EAT‐HU changes in relation to therapy. Changes in epicardial adipose tissue (EAT) density expressed in Hounsfield units (HU) in relation to each single therapy. ∆EAT‐HU was higher in those who received dexamethasone (p < 0.01) compared with those treated with tocilizumab, hydroxychloroquine (HCQ), remdesevir, lopinavir, or ritonavir. Data are represented as median (interquartile range)

DISCUSSION

This is the first analysis, to our knowledge, reporting EAT inflammatory changes in response to various COVID‐19 therapies in admitted patients. CT‐measured EAT attenuation was significantly elevated at the admission and then dramatically reduced to substantially normal values after the discharge. On the contrary, we found no changes in SAT inflammation with the various COVID‐19 therapies. Among the different therapeutic protocols, we found that CT‐EAT inflammation reduction was stronger in patients who received dexamethasone.

We and other groups recently reported that EAT inflammation is related to COVID‐19 severity (9, 10, 11). In this study, we showed that EAT is not only a marker of inflammation, but that it can serve as a therapeutic target for anti‐inflammatory treatment and particularly for dexamethasone.
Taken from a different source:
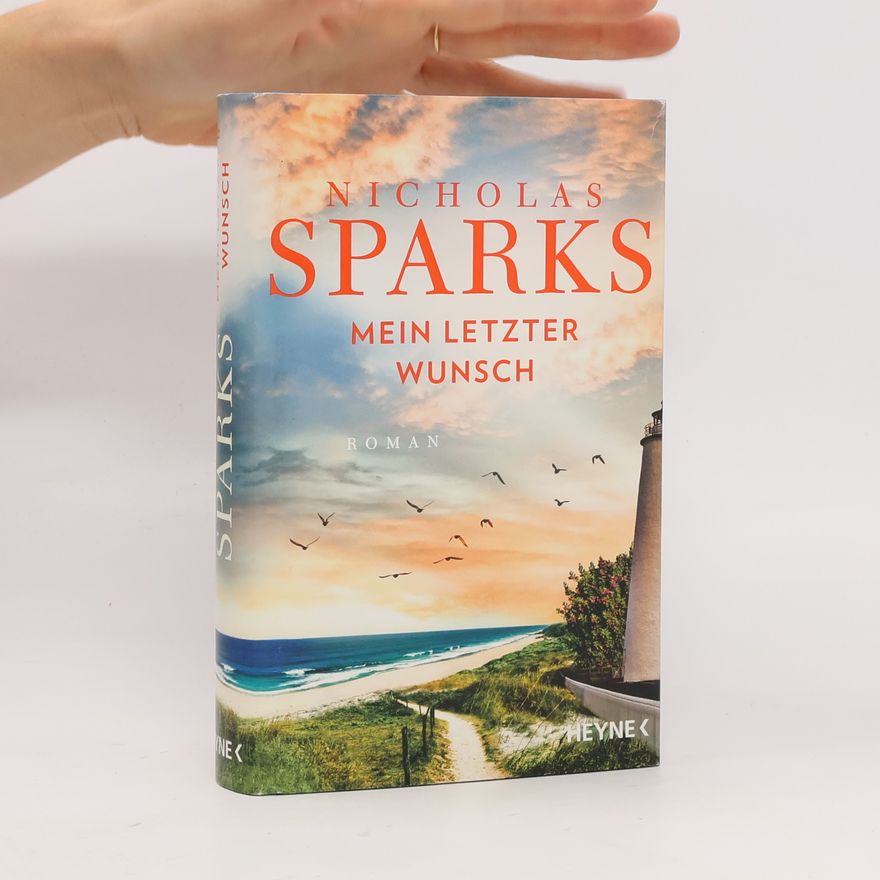 Nicholas Sparks Mein letzter Wunsch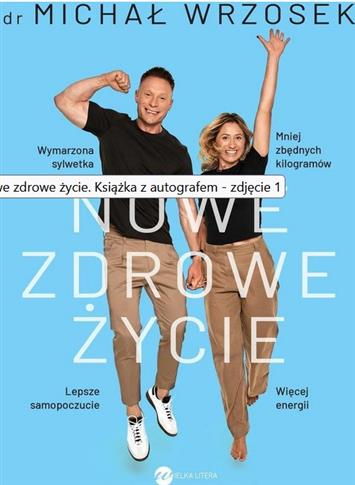 Nowe zdrowe życie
The lack of changes within SAT reinforces the hypothesis that VAT is a more sensitive target in COVID‐19, as previously suggested (2).

Adipose tissue is a well‐known target of glucocorticoids. If long‐term corticosteroids use undoubtedly increases adipogenesis, their effect on the adipocytes is more complex. It is likely that EAT density reduction is associated with the dexamethasone anti‐inflammatory effects and is certainly not related to the weight loss, as these COVID‐19 patients did not lose any significant weight during the hospitalization. Interestingly, some studies have suggested a lipolytic and brown‐fat‐like effect of acute glucocorticoids (20), and EAT displays brown‐fat‐like properties; therefore, steroids may speed up EAT metabolism and free fatty acids mobilization, ultimately causing a reduction in EAT inflammation. Although dexamethasone produced the greatest change in EAT‐HU, the anti‐inflammatory effect of the IL‐6 inhibitor tocilizumab could contribute to reduced EAT attenuation.
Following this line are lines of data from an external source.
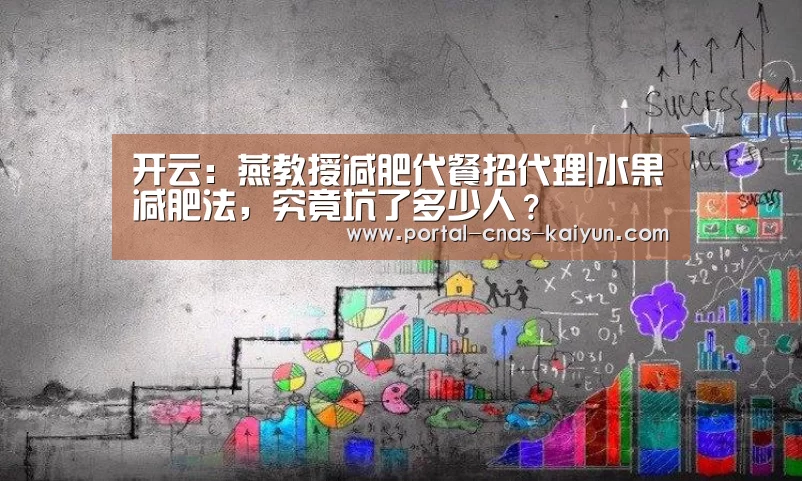 开云：燕教授减肥代餐招代理|水果减肥法，究竟坑了多少人？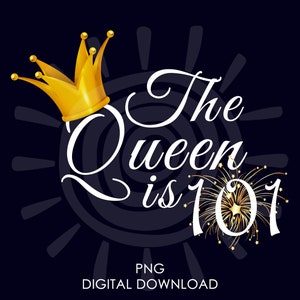 101st Birthday Gift For Women | The Queen Is 101 PNG | 101st Birthday For Her png | Digital Download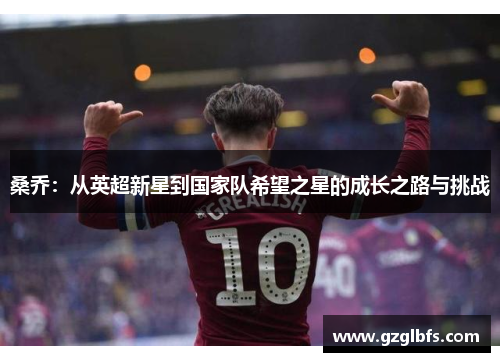 桑乔：从英超新星到国家队希望之星的成长之路与挑战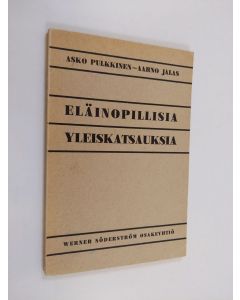 Kirjailijan Asko Pulkkinen käytetty kirja Eläinopillisia yleiskatsauksia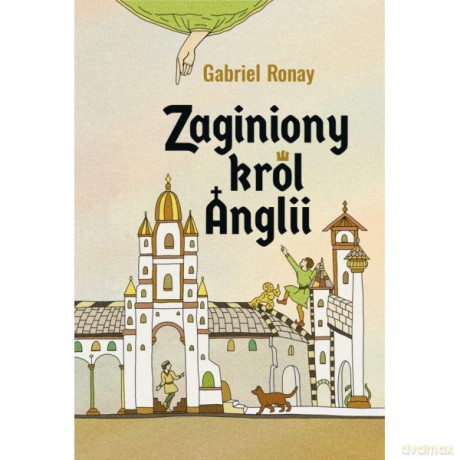 Zaginiony król Anglii - Gabriel Ronay [KSIĄŻKA]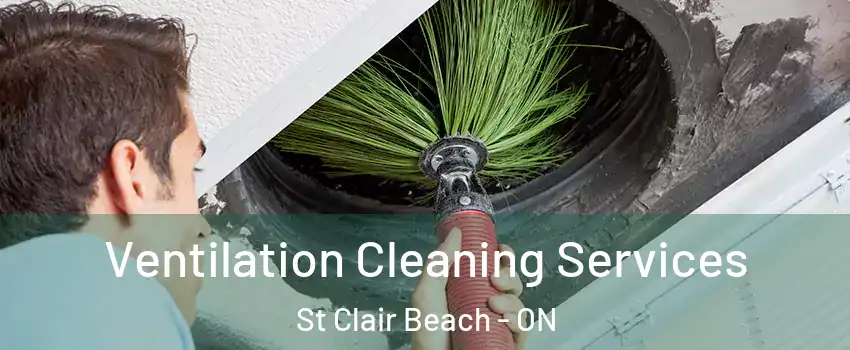 Ventilation Cleaning Services St Clair Beach - ON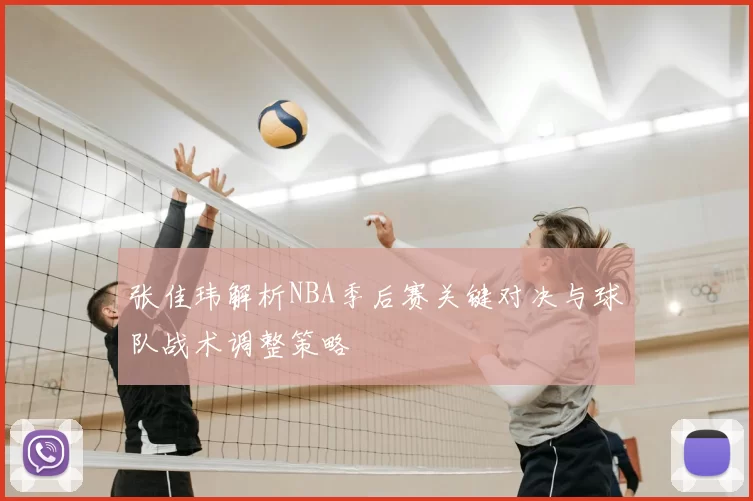 张佳玮解析NBA季后赛关键对决与球队战术调整策略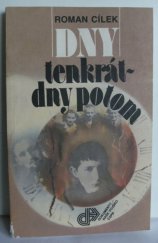 kniha Dny tenkrát - dny potom sedm příběhů o setkáních, rozchodech a hledání, o lidech jejichž životy poznamenala válka, Naše vojsko 1989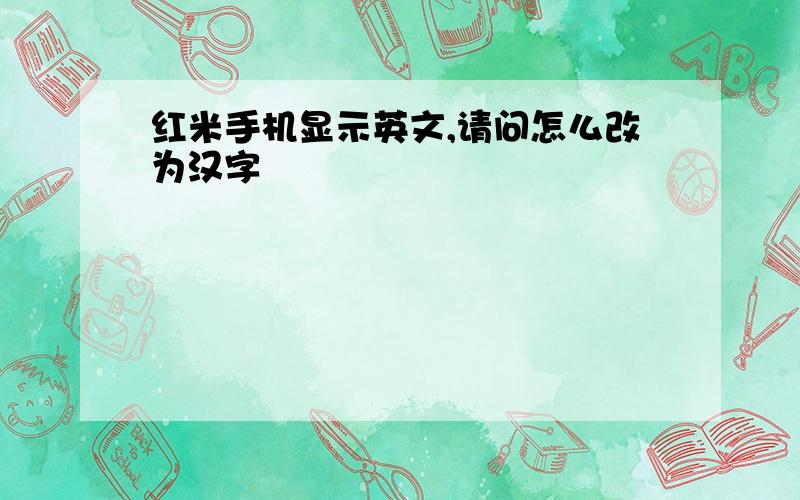 红米手机显示英文,请问怎么改为汉字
The correlation of EAT attenuation with hyperglycemia, IL‐6, and troponin levels suggests its use as an early imaging marker of COVID‐19‐related inflammation and myocardial damage.

This analysis, like many COVID‐19 studies, has several limitations. The independent effect of dexamethasone or other therapies on EAT should be assessed with randomized clinical trials. Most of these patients received multiple therapies; therefore, it is difficult to discriminate whether EAT changes were related to the combined effects or whether one drug was predominant. Patients had the follow‐up CT approximately 3 months after discharge. Although we cannot rule out the potential confounding effects of other factors, patients were certainly off any of the COVID‐19 therapies after the discharge.

CONCLUSION

In conclusion, dexamethasone therapy was associated with a significant reduction of EAT inflammation in COVID‐19 patients, whereas SAT showed no changes. Anti‐inflammatory therapies targeting VAT may be helpful in COVID‐19.

CONFLICT OF INTEREST

The authors declared no conflict of interest.